Anyway, it was a delight to meet up and the time passed all too quickly.
It has set me thinking, though, about what friendship is. Specifically: is it something rooted in the self, in the other, or in the relationship, and can we generalise?
I am quite convinced, you see, that most of what we call friendship is nothing of the sort, really. It is mere aquaintance and familiarity. Many ‘friends’ are simply the people who happen to be in the same place or places that we are. Facebook illustrates this perfectly, where the 4,567 people whose names you know on-line are all ‘friends’ when many of them are nowhere near that close. There’s nothing wrong with this, in fact there is an awful lot right with it. We are called to love those around us, and that is expressed most commonly in everyday friendliness and freindship.

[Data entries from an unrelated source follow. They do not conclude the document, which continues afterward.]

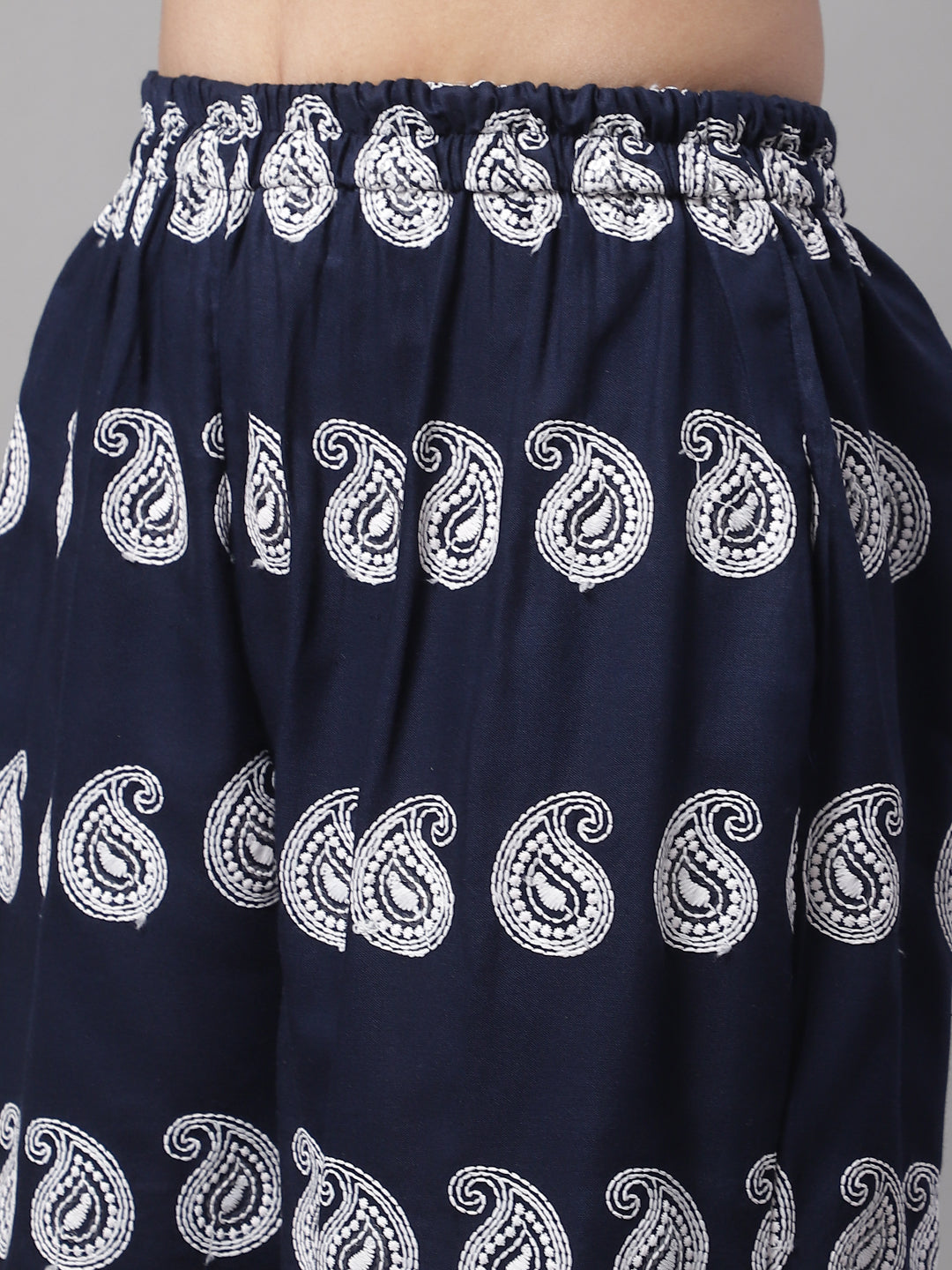 Jainish Women's Embroidered and Sequin work Co-ords - Navy Blue 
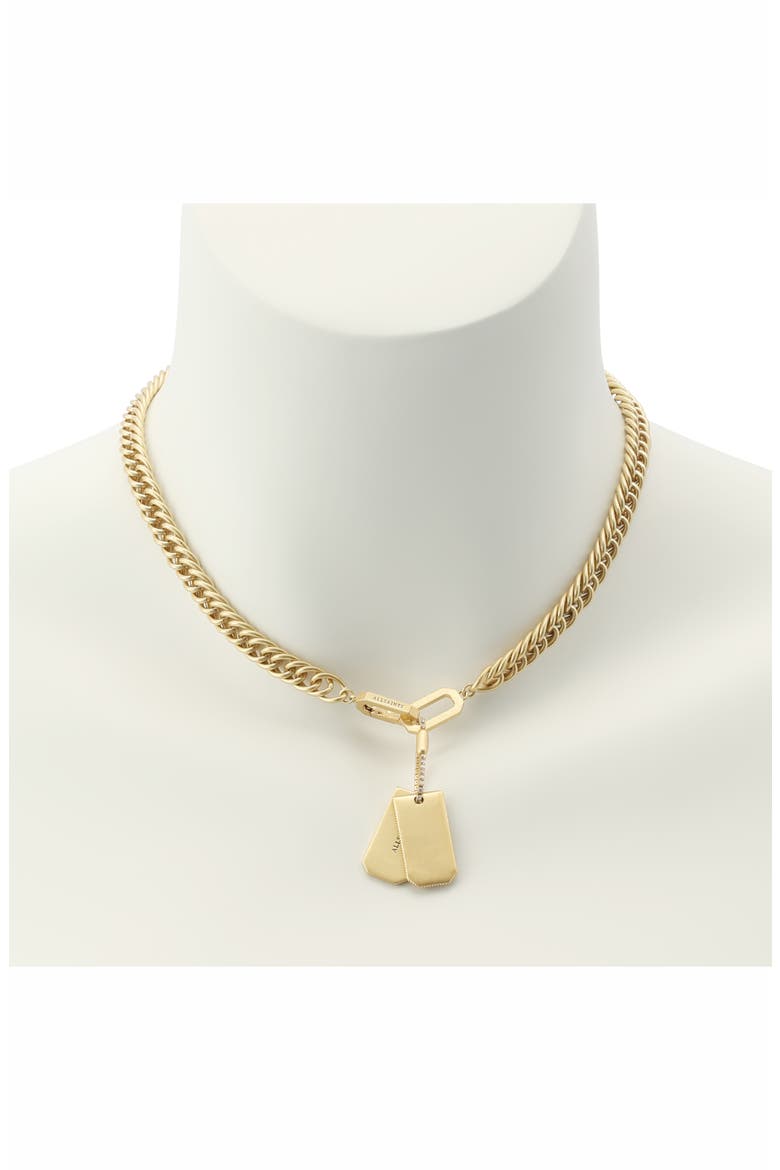 Dog Tag Link Chain Pendant Necklace, Alternate, color, VINTAGE GOLD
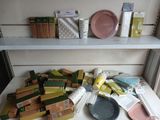 a shelf with a lot of different items on it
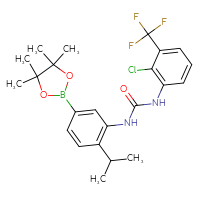 Chemical structure of 1-[2-chloro-3-(trifluoromethyl)phenyl]-3-[2-(propan-2-yl)-5-(4,4,5,5-tetramethyl-1,3,2-dioxaborolan-2-yl)phenyl]urea - CSSB21332045982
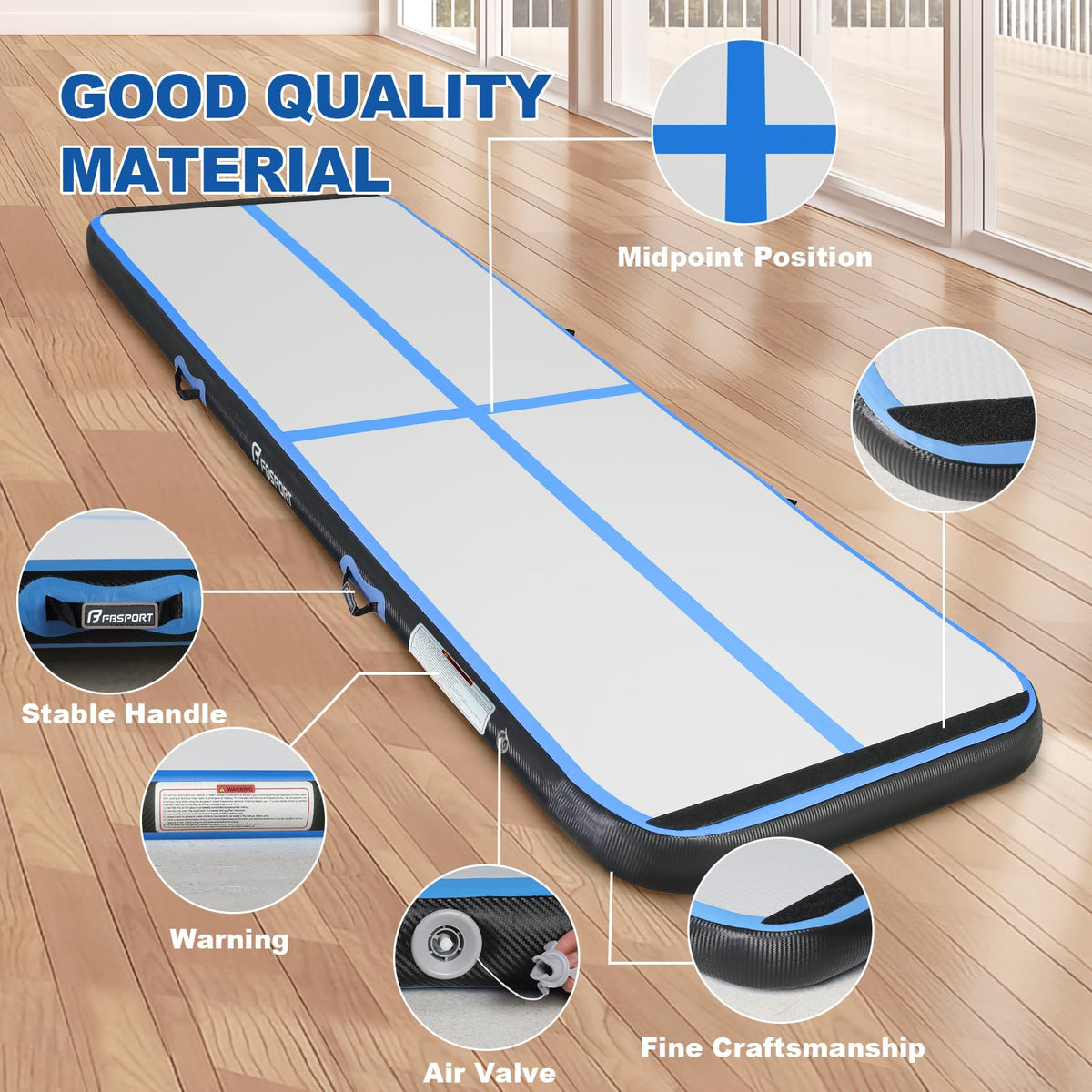 FBSPORT 16ft Inflatable Air Gymnastics Mat Training Mats 4 inches Thickness Gymnastics Tracks for Home Use/Training/Cheerleading/Yoga/Water with Pump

Real friends, though, are not merely people we know. They are those we would travel to see, whose children we would care for, or whose preferences are a delight rather than a burden to us. They are those to whom we have a lasting allegiance and for whom that is mutual. There is affection and mutuality in the relationship, but as soon as we try to pin it down, at least as soon as I try to pin it down, it slips away as a concept.
To return to my question, though, where does this reside? Is a friend a friend just because you decide they are? Or is there something about the two of you that would mean you were friends whatever? To what extent are two friends who have not met for years still friends? What happens to the friendship in the periods of absence?
These are big questions, but the truth is the experience of friendship is profound and life-shaping. They are picked up after times away, remoulded with changes of circumstance, and sustained through the turbulent patterns of life.
Of this I am sure; it works because God created us with friendship in mind: with each other, but also, of course, with Him.